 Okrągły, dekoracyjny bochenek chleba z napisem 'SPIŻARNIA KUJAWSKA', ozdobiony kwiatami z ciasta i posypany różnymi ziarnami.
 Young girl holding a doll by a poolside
...
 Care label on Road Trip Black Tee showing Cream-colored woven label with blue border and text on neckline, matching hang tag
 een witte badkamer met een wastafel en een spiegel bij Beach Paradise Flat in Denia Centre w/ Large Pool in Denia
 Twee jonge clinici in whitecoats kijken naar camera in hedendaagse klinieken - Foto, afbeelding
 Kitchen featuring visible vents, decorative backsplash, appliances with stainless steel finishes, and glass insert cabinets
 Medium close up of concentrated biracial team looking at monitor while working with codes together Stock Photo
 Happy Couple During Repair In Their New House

Try it
The lines above may hold the string "with". Say how many do, and give only that number.

Response to this exercise
3